UPDATE (5 December): 60 Minutes recently did an interview with the subject and author of the book. Their report follows a remarkably similar story arc to that of the book, though it does provide more information on the ‘three generations punishment system’ begun under Kim Il-sung.
UPDATE (3 April): [Book Review] A swift kick to the gut – swift, because the book is engrossing (and short) enough to finish in a single sitting; a kick to the gut because you won’t sleep afterwards. The idea that slaves are still bred and raised in this day and age, while the rest of the world turns at least a semi-blind eye, is disgusting enough, when you mix in the conditions these children are forced to fight and survive under … well, this one will haunt you for a while.
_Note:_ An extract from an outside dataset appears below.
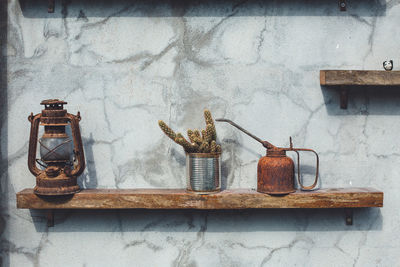 Cactus with vintage objects on shelf against wall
Escape from Camp 14 details the story of Shin Dong-hyuk, born to North Korean labor camp inmates occasionally allowed to breed as a reward for their hard work. The book cuts in and out of describing Shin’s life in the camp, North Korea in general, and Shin’s life during and after his escape. The sudden cuts from one story line to the next, in North Korea the main holidays are the birthdays of Kim Il-sung and Kim Jong-il … aren’t quite that abrupt, but they do occasionally get in the way of the story. At times, it felt like the author was stretching to get a book out of a long magazine article, but while it affects the flow, it doesn’t detract from the overall strength and message of the book.
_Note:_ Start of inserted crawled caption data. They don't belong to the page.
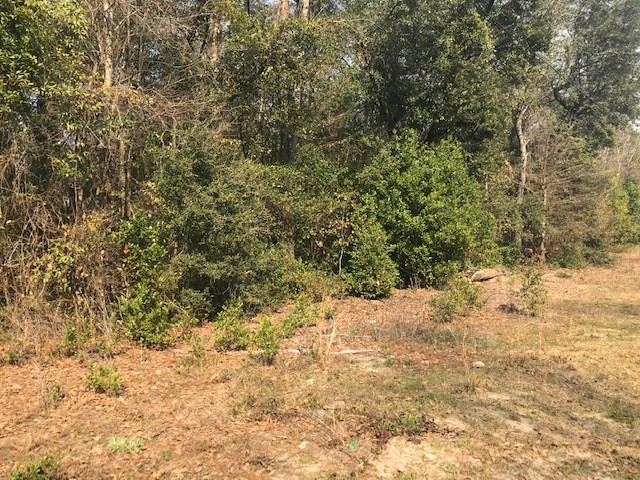 0 Little Oak Road Williston, SC 29853 - Photo 4 of 4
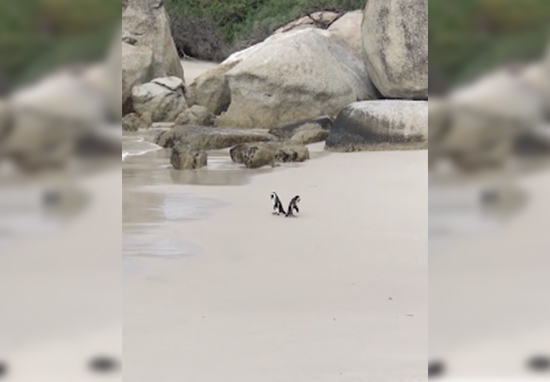 Два пингвина  гуляют по пляжу. Совсем как люди..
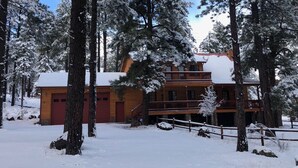 Een houten lodge met een rode deur, omringd door met sneeuw bedekte bomen.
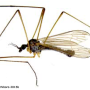 Dactylolabis (Coenolabis) aberrans : habitus - male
Whether as a download or an actual book, new to North Korea or not, this one is worth reading.
[ORIGINAL POSTING, 29 March] The publication this week of Escape from Camp 14, a book on one man’s life in a North Korean gulag, has brought renewed mass market media attention to the plight of North Korean defectors. I just got the book and have not yet read it; I promise a full review once I finish. For now, a few general comments on North Korean defectors and their previous writings.
I get it that many people (especially, but not only, on the South Korean and Japanese left) believe that North Korean defector testimony can be untrustworthy, given few, if any, people are available to confirm the author’s veracity. After the recent fiascoes with ‘eyewitness testimony’ in Greg Mortenson’s Three Cups of Tea (see, Three Cups of Deceit, by Jon Krakauer) and Mike Daisey’s The Agony and the Ecstasy of Steve Jobs, I understand the hesitancy to fully trust the stories in Escape from Camp 14, an issue I’m sure the editors of The Atlantic were concerned with when they excerpted, Born in the Gulag: Why a North Korean Boy Sent His Own Mother to Her Death from the book.
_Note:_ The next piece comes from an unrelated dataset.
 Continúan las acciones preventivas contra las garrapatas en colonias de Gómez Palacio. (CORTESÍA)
That said, I’ve met, worked with, and studied from enough North Korean defectors to feel that, even if certain details are … massaged, there is enough overlap in the stories to make at least the broad claims of beatings, torture, starvation, and other atrocities credible. With 10s of 1000s of people forced to suffer and live in labor and penal colonies, brought on not only by their own ‘crimes’ but also by any crimes committed by family members, the human rights situation in North Korea is one of the largest, longest-surviving, yet least discussed crimes on the planet. [For some offences, North Korea punishes three generations of your family – meaning that if your brother, for example, mouths off about the government, you join him, your parents and grandparents, or children, in the camps]
Want to learn more about the issue? I recommend the Atlantic article (photo credited to that article) mentioned above, Aquariums of Pyongyang: Ten Years in the North Korean Gulag by Kang Chol-Hwan, a survivor of the camps originally sent there as a child due to comments made by his grandfather (and the three generations punishment policy), Nothing to Envy: Ordinary Lives in North Korea by LA Times reporter Barbara Demick, and Witness to Transformation: Refugee Insights into North Korea, a much more quantitative (i.e. boring) approach to the issue.
Want to actually do something about the issue? Tough. There’s very little you can do for those still trapped in the North (or sent back to the North by China), unless you are or can influence a senior member of the Chinese or North Korean government.